A concorrência contra a qual Cadmo se lançou no dia seguinte consistia principalmente de jovens locais insignificantes e guardas barrigudos do palácio. Quando ele mandou o disco direto para fora dos terrenos do palácio, tiveram de mandar um servidor ir buscá-lo e a multidão aplaudiu. Ao final da tarde, Cadmo tinha vencido todas as competições. Harmonia olhava furiosa para as mulheres e meninas que mandavam beijos e jogavam flores aos pés dele.

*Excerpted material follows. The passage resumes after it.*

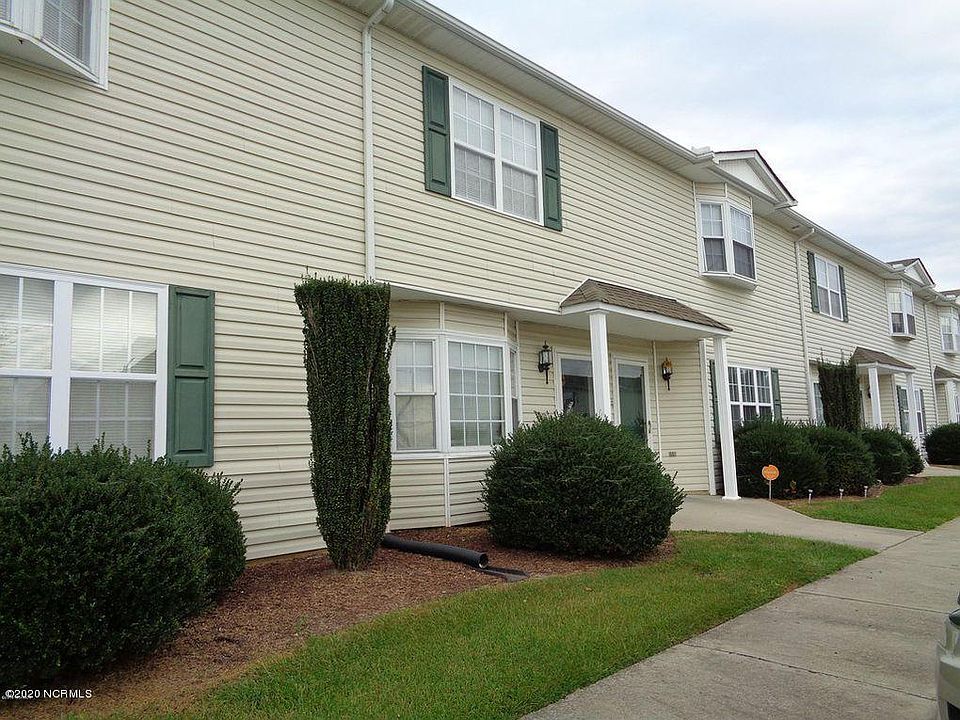 1st image of 2335 Vineyard Dr APT D4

Pelagon, que não era um monarca rico, enviou seu mordomo em busca de um prêmio adequado para seu nobre victor ludorum.

— Povo da Fócida — exclamou o rei, colocando uma coroa de folhas de oliveira, trançada às pressas, na testa de Cadmo —, contemplem seu campeão, nosso honrado hóspede, o príncipe Cadmo de Tiro. E aqui está um prêmio digno de sua grande velocidade, força e graça.

Houve um ruidoso aplauso, que caiu num silêncio surpreso quando o mordomo do palácio apareceu pela multidão tocando uma grande vaca. O silêncio borbulhou numa risadinha e a risadinha explodiu numa gargalhada. A vaca mastigou o rúmen, ergueu a cauda e espalhou do traseiro um jato de bosta líquida. A multidão vaiou, zombeteira.

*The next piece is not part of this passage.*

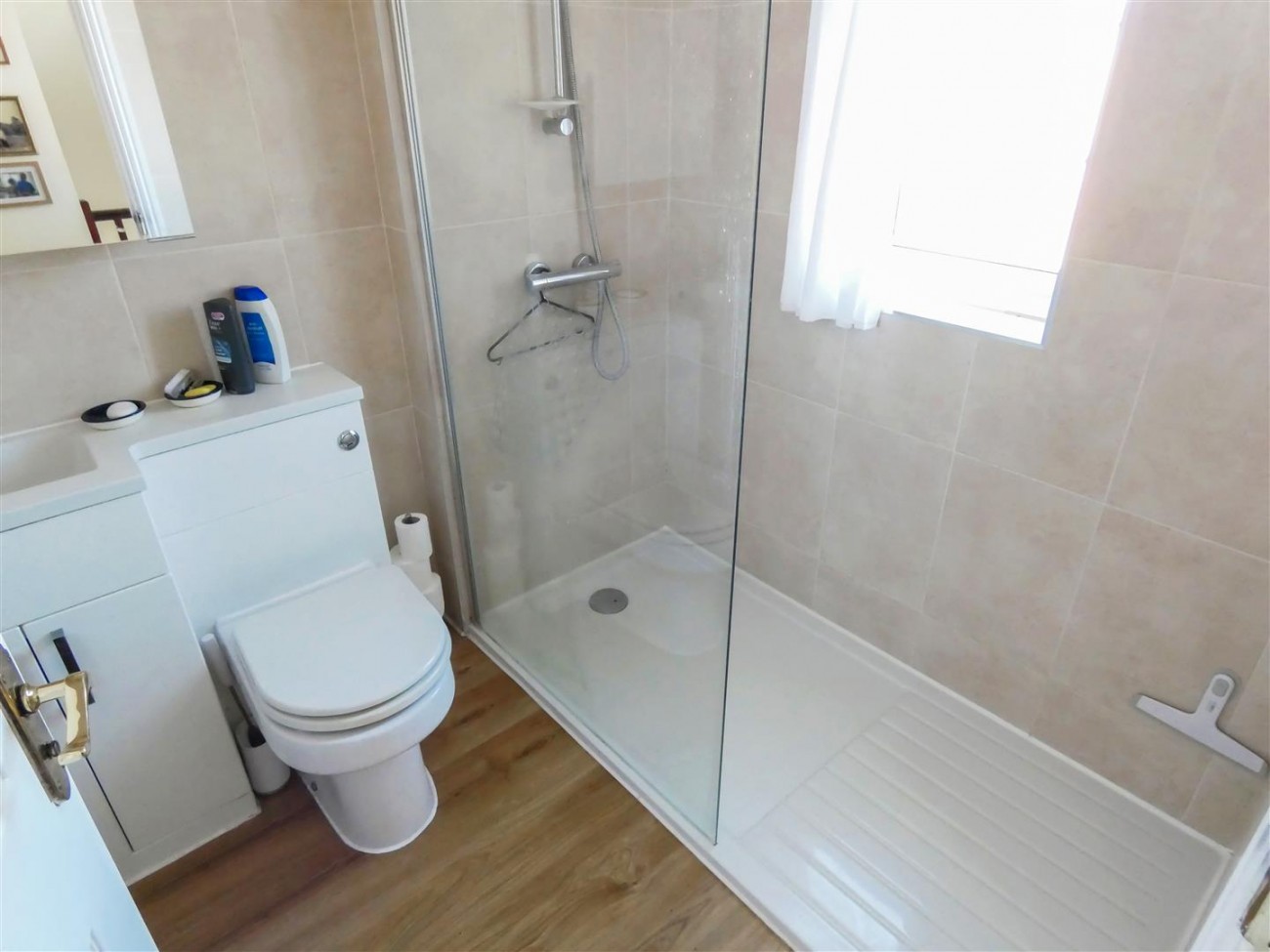 Separate Shower Room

Pelagon ficou rubro. O pai dele, Anfidamas, disse para Cadmo, com uma piscadela:

— Ah, bem. Morfeu não pode acertar todas as vezes, hein?

Mas Harmonia cutucou Cadmo, muito animada.

— Olhe — sussurrou ela. — Olhe, Cadmo, olhe!

Cadmo viu imediatamente o que atraíra a atenção dela. Nas costas da vaca, havia uma marca no formato de uma meia-lua. Não havia outra maneira de descrevê-la. Claramente uma meia-lua!

Pelagon estava murmurando alguma coisa pouco convincente no ouvido dele a respeito do pedigree do animal, de quanto dava de leite por dia, mas Cadmo interrompeu-o.

— Sua majestade não poderia ter encontrado um prêmio mais maravilhoso e mais bem-vindo! Estou fascinado de encanto e gratidão.

— Está? — disse um Pelagon ligeiramente atônito.

O mordomo ficou tão espantado que deixou cair a chibata de salgueiro com que vinha batendo no bicho para empurrá-lo na direção do pódio do vencedor. Levou mais ou menos uns trinta segundos para que a novilha, percebendo que já não havia aquela chicotada ardida para obrigá-la a avançar, desse a volta e começasse a se afastar.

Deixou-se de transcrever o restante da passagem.